Face aux défis climatiques et sanitaires qui fragilisent la filière du café, une espèce oubliée refait surface : Coffea stenophylla. Redécouvert récemment en Sierra Leone, ce café ancien d’Afrique de l’Ouest présente à la fois une tolérance remarquable aux stress environnementaux et des propriétés organoleptiques appréciées. Encore marginal, il pourrait pourtant contribuer à refonder un modèle de production plus résilient et durable. Retour sur une redécouverte à fort potentiel agronomique.

Aux origines du Coffea stenophylla, un café d’exception tombé dans l’oubli
Le Coffea stenophylla communément appelé caféier à feuilles étroites est une espèce de caféier d’Afrique de l’ouest plus précisément des forêts tropicales humides de la Sierra Leone, de la Guinée et de la Côte d’Ivoire.
Découvert au XIXe siècle par des explorateurs et botaniques européens, le Coffea stenophylla a rapidement su attirer l’attention pour sa qualité remarquable. En France, ses lots atteignent même des prix de marché particulièrement élevés. Pourtant, malgré ses qualités organoleptiques et sa bonne adaptation aux climats tropicaux de basse altitude, il finit par disparaître des radars, éclipsé par la montée en puissance du robusta, plus productif.
Une redécouverte cruciale face aux défis actuels de la filière du café
Depuis plusieurs années, la filière du café fait face à des menaces structurelles croissantes. Les deux espèces qui dominent largement la production mondiale, Coffea arabica et Coffea canephora (le Robusta), montrent une vulnérabilité accrue face aux effets du changement climatique, à la propagation de maladies comme la rouille du caféier (Hemileia vastatrix) et à la pression croissante des ravageurs. Cette dépendance à un nombre limité de variétés expose toute la filière du café.
Dans ce contexte, Coffea stenophylla fait figure de ressource génétique inespérée. Redécouvert récemment à l’état sauvage en Sierra Leone après plus d’un demi-siècle sans observation documentée, il intéresse la recherche agronomique. Classé parmi les espèces dites « apparentées aux cultures principales » (Crop Wild Relatives), stenophylla appartient à un groupe qui rassemble des espèces proches des cultivars commerciaux et présentant un fort potentiel de transfert de gènes utiles.
Des atouts agronomiques prometteurs pour l’avenir du café
Au-delà de son intérêt historique, Coffea stenophylla présente plusieurs caractéristiques agronomiques qui le distinguent des espèces cultivées actuelles.
Il est naturellement adapté aux basses altitudes (autour de 150 mètres). Autrement dit, il est plus tolérant à des températures élevées et à des conditions de faible pluviométrie. Ces paramètres sont critiques à l’heure du dérèglement climatique.
Historiquement cultivé dans des zones tropicales chaudes et humides de l’Afrique de l’Ouest, il a montré de bonnes performances agronomiques à Trinidad, au Sri Lanka, ou encore à Java.
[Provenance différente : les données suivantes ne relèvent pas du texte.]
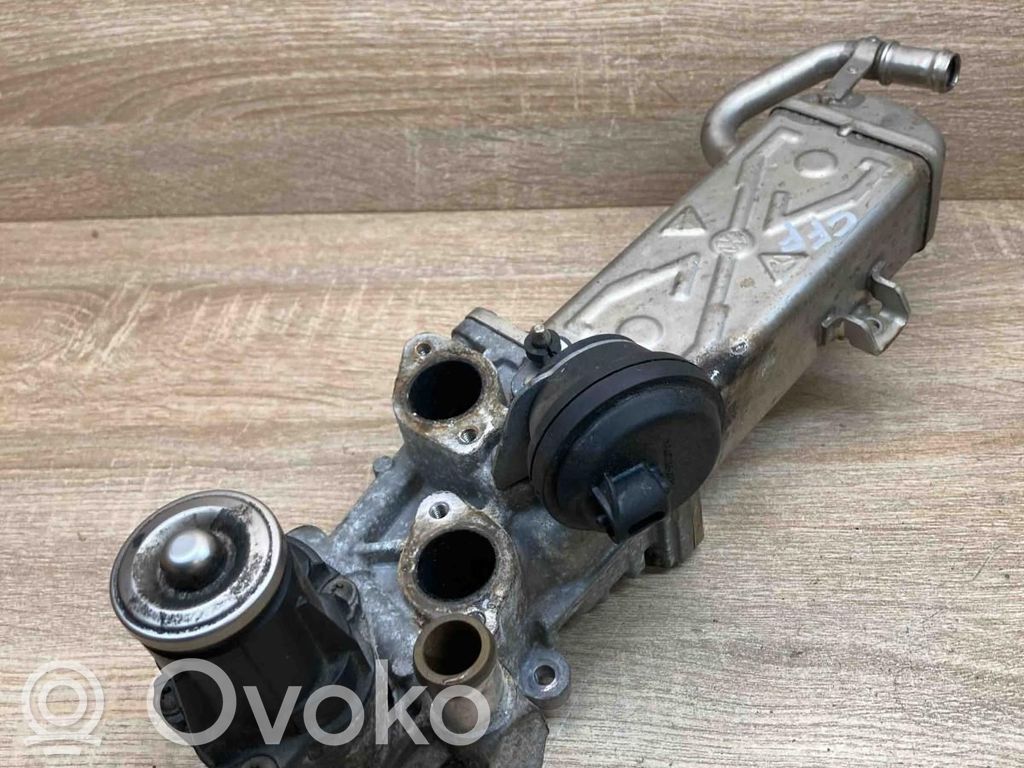 Volkswagen PASSAT B7 Răcitor supapă EGR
De plus, certaines sources anciennes suggèrent une résistance naturelle à la rouille du caféier, sans que cela ait encore été confirmé par des essais systématiques. Cette tolérance, si elle se confirmait, constituerait un avantage considérable par rapport aux variétés arabica sensibles à cette maladie.
Faible rendement : un frein historique au développement de Coffea stenophylla
L’une des limites historiquement associées à Coffea stenophylla réside dans ses rendements jugés trop faibles pour justifier une culture intensive.
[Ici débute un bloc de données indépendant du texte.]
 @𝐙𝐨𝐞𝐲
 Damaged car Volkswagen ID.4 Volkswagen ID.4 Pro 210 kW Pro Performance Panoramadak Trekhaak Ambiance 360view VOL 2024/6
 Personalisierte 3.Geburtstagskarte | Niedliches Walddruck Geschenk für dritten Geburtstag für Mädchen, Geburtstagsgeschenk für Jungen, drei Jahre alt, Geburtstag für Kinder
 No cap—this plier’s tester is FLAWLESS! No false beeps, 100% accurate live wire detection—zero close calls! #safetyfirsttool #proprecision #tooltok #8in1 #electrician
Toutefois, certains auteurs spécialisés notent que l’espèce n’a pas bénéficié d’un véritable travail de sélection variétale.
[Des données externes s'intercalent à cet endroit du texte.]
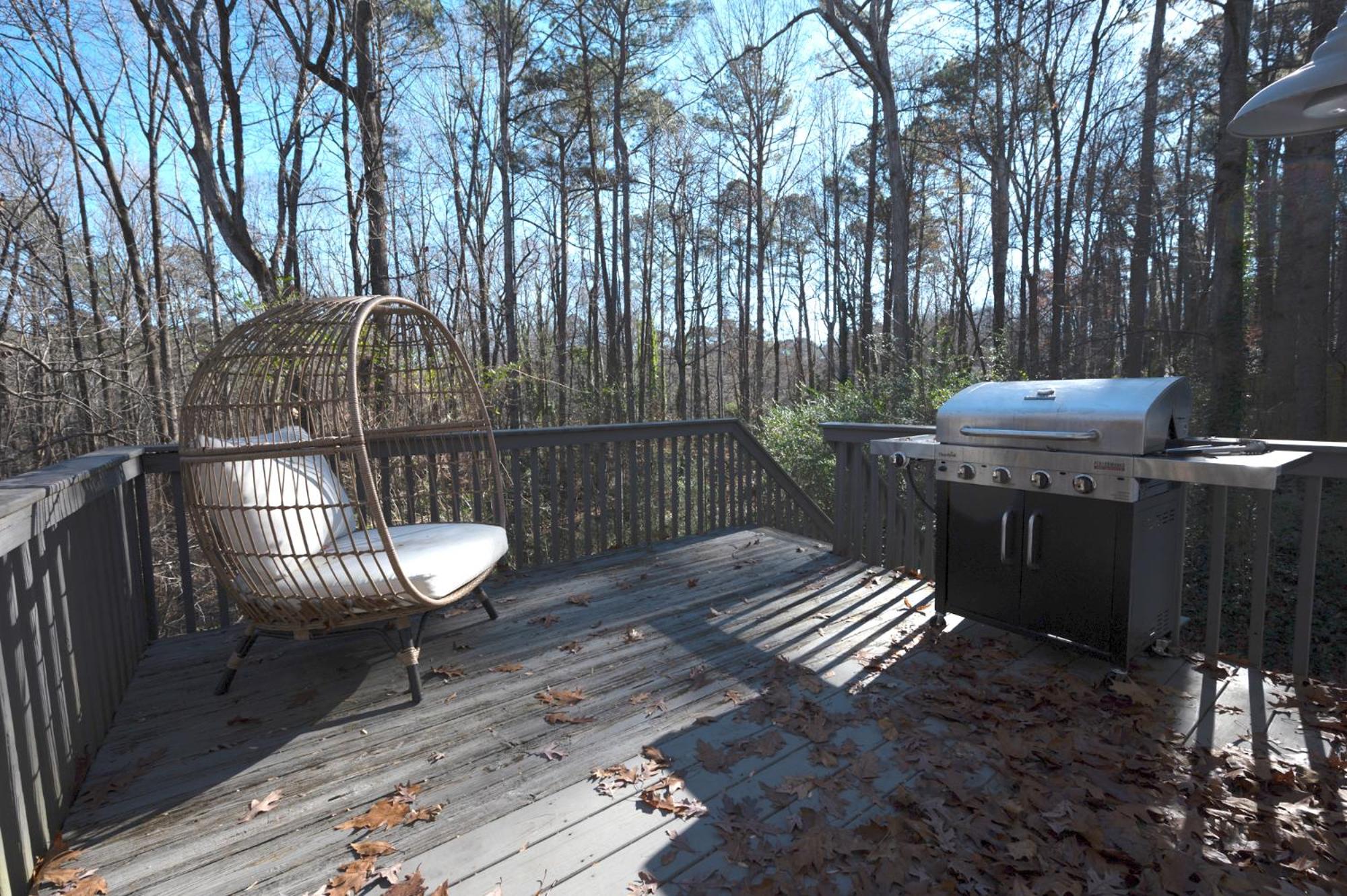 Majestic Modern Home Quick Access to DT Woodstock view 4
Cela signifie que son potentiel pourrait être optimisé dans le cadre de programmes d’amélioration génétique, notamment via des croisements interspécifiques avec des cultivars existants.
Mais, en l’état, Coffea stenophylla pourrait tout aussi bien être valorisé en tant que café de terroir à part entière, avec une identité sensorielle propre.
Une qualité gustative remarquable qui séduit les experts
Si Coffea stenophylla eveille aujourd’hui l’intérêt des chercheurs et des producteurs, c’est aussi pour ses qualités gustatives. Dès le XIXe siècle, plusieurs botanistes et explorateurs rapportaient une saveur jugée supérieure à celle de l’arabica.
Ces observations, corroborées par des dégustations plus récentes, laissent entrevoir un potentiel différenciateur important. Dans un marché de plus en plus attentif à l’origine, à la traçabilité et à la complexité aromatique, Coffea stenophylla pourrait trouver sa place sur des niches haut de gamme.